В 60-е ЛаВей также провозгласил то, что в Британии перестало быть новостью еще в прошлом веке, — как и Бога, Дьявола не существует. По крайней мере, Дьявол — это не какой-то антропоморфный божок, противостоящий Богу, это скорее некий термин (почти как «гиббериш»), используемый для описания малопонятных сил природы, заставляющих человека развиваться, выражать себя, бунтовать, исследовать, прогрессировать, стремиться к запретным знаниям и опыту. И, как подразумевает слово «оккультный», засекречены. Как змей, обернувшийся вокруг Древа Познания в Райском Саду или человек расщепивший атом, или маленький мальчик, заглядывающий под юбку к девочке, желая знать, что ж там такое. Все поступки являются невинными, пока их не назовут злом.
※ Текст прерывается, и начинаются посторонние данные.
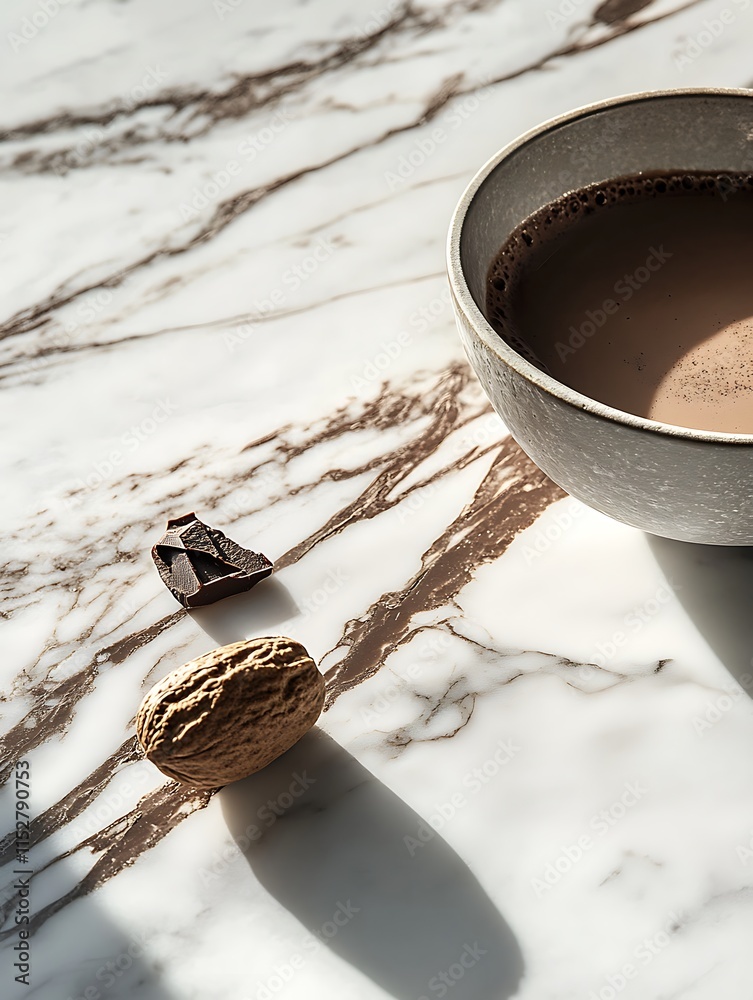 Fototapeta premium Close-up Photo: Warm Chocolate Drink and Treats Resting on Marble Surface. AI Generated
Хотя ЛаВей, по-видимому, просто забыл, что подобные взгляды давно не новость в современном мире, и озвучивает эти взгляды, точно они открыты только для посвященных; хотя верно то, что время от времени их следует повторять, и он, по крайней мере, побрил голову, изменил свой мирской образ, подвергая себя риску. Я снова вспоминаю идею Серрано. Все зависит от аудитории… Я скорее соглашусь с тем, что говорит ЛаВей о религии и морали, чем с тем, что говорит большинство людей, и обычно в спорах становлюсь на сторону Церкви Сатаны, но для мистера ЛаВея я могу сыграть роль Адвоката Дьявола, особенно в силу того, что многие из читателей «Rapid Eye» уже знакомы с аспектами работы ЛаВея и не нуждаются в разъяснении основных принципов. Мы — не Джесси Хелмс, поэтому давайте лучше обратимся к деталям. Дьяволу это придется по вкусу.
Как и многие люди, увлеченные микро-миром оккультизма, ЛаВей, кажется, одержим христианством, несмотря на то, что он пытается маскировать эту одержимость, говоря о «всех прочих церквях», но так, точно все прочие церкви — христианские. (Например, он говорит, что все прочие церкви основаны на почитании духа и отрицают плоть и интеллект, несмотря на то, что такое вряд ли можно сказать о мусульманах). Умудренный мистер ЛаВей высказывает немало здравых мыслей, но, как и Серрано, упорствует и, обращаясь к своей аудитории, использует терминологию, которая якобы делает эти вещи более провокационными, стимулирующими мысль и доступными, но которые на деле служат для укрепления все тех же старых общественных барьеров и верований. С одной стороны он намекает, или, по крайней мере, я так это понял, что просто заинтересован в создании группы единомышленников, мыслящих индивидуалов, способных объединить свои ресурсы и энергию в стремлении постичь освобождающую, гуманистическую философию, свободную от ущербной, догматической системы верований. И он немало сделал для развития этого утопического образа жизни.
С другой стороны, тем не менее, он оправдывает использование старой терминологии и иерархии, клише, облачаясь в черные мантии, рогатые шляпы, отращивая нелепые козлиные бородки и разукрашивая свою Церковь и даже канцелярские принадлежности гламурно-готическими кровавыми пятнами и изображениями паутины. Его оправдание всего этого старо, как мир, то же самое, что говорили соплеменники на пляже и команды тех кораблей, бросивших якорь в 17-м веке, придумывая свои морские песнопения — людям нужны образы, ритуалы, символы, фокусные точки, как проводники экзорцизма чувств, от которых на западе так непросто освободиться. Мы все знаем, что это правда — подтверждения тому повсюду — в нашей рекламе, в искусстве, культуре и спорте, но поневоле задумываешься, а достаточно ли этого. Как многие авангардные движения в искусстве (которые сами по себе в целом утопичны), сатанизм, кажется, предлагает безопасный канал, по которому могут быть гнев, творчество и отчаяние, переживаемые человеком. Но это направление используется только для распространения общественной позы против господствующих взглядов на мир, но не для созидания нового мира. Точно так же можно цинично сказать о Панке, что это уловка контроля, поддерживающая чувство отчуждения и кастрирующая более мощный революционный порыв. (Проинтервьюированный «Rapid Eye» Патрик Фицджеральд в 1978 году суммировал свои взгляды на диске «Safety Pin Stuck In My Heart» в простых потребительских терминах, заявив, что слово «панк» означает всего-навсего бондажные трусы, ныне продающиеся в «Вулворте»).
Хотя мне любопытно, если заместить старую, ограничивающую религию, новой, ограниченной, присваивая и выворачивая на изнанку старые символы, насколько увеличится понимание или знания? Если Сатана — это «Прогресс», как ему следует служить? Оккультисты, как и художники должны понять, что в наши дни одного только отрицания недостаточно.